Killer ice cream man sentenced to life in prison

Michael Keetley will spend the rest of his life behind bars. 

Tampa Judge Christopher Sabella made that decision on Friday morning handing down a life sentence for all six counts Keetley was convicted on. 

"Mr. Keetley, you will, barring any reversal on appeal, spend the rest of your natural life in the Florida Department of corrections," said Sabella.

Keetley is a former ice cream man who was convicted of two counts of first-degree murder and four counts of attempted murder in the shootings of six men playing cards on a front porch in Ruskin on Thanksgiving Day 2010.

Juan and Sergio Guitron, who were bothers, were the men killed in the shooting on that day. 

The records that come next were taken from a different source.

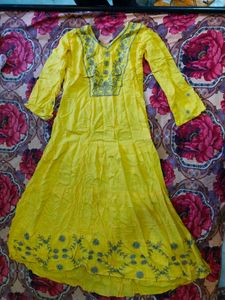 One Peice Kurti  M Size
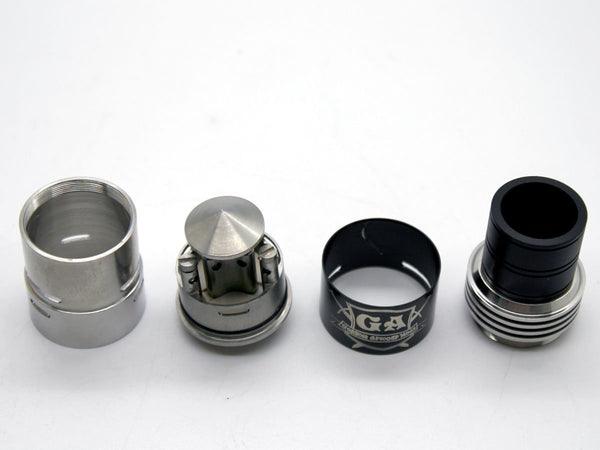 Rampage RDA - WholesaleVapor.com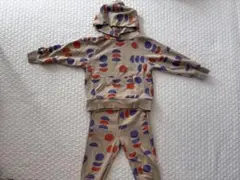 MARKEY'S｜セットアップ｜110cm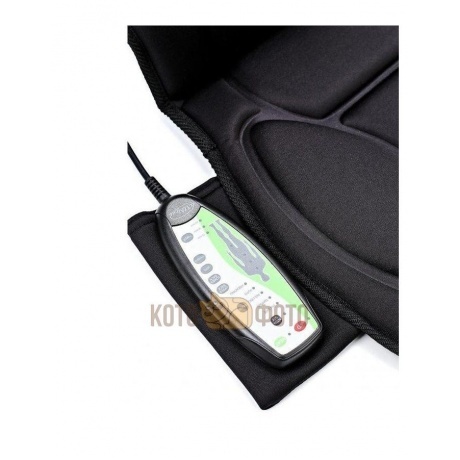 Автомобильная массажная накидка Gezatone AMG388 - фото 2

Eleven months before the shooting rampage, Keetley, who was an ice cream man at the time, was robbed and shot while on his route. Prosecutors say Keetley was out for revenge the morning of the shooting. 

The surviving victims remember the shooter dressed as a law enforcement officer, with a long gun, and asking for a man named "Creeper." Prosecutors say Keetley, who had been robbed and shot during his ice cream route was convinced "Creeper" was somehow involved after asking around the neighborhood.  

Frustrated with the police investigation, they say Keetley decided to take deadly vigilante justice. 

Ten years later, Keetley went on trial for murder but the trial ended with a hung jury in February 2020. He was tried again in 2023 and after deliberating for 13 hours over three days a jury found him guilty on all counts. 

During the sentencing Friday morning, the mother who lost her two sons, Paz Quezada, addressed Keetley directly. She wanted to know why he had murdered her sons. 

"You took half of my life away, you tore my heart out," said Quezada.

She told Keetley he robbed her of future memories with her sons and of being a grandmother someday.  Keetley showed no emotion during her testimony.

Later, one of the survivors of the rampage, Daniel Beltran, who took four bullets that day, told Keeley that he forgives him for what he did. Beltran also said he lives with the trauma of what happened every day.

"They can’t erase my memory. I remember exactly what happened. I never lost consciousness from the moment he pulled up to the moment I was taken in a helicopter to the hospital," explained Beltran. 

Before he was sentenced, the judge denied a defense motion for a new trial and acquittal. The judge said each life sentence carries a minimum mandatory of 25 years, which means Keetley will spend the rest of his life in prison. 

Keetley’s lawyers told the court this wasn’t over, they plan to appeal the conviction. He will have 30 days to appeal the decision.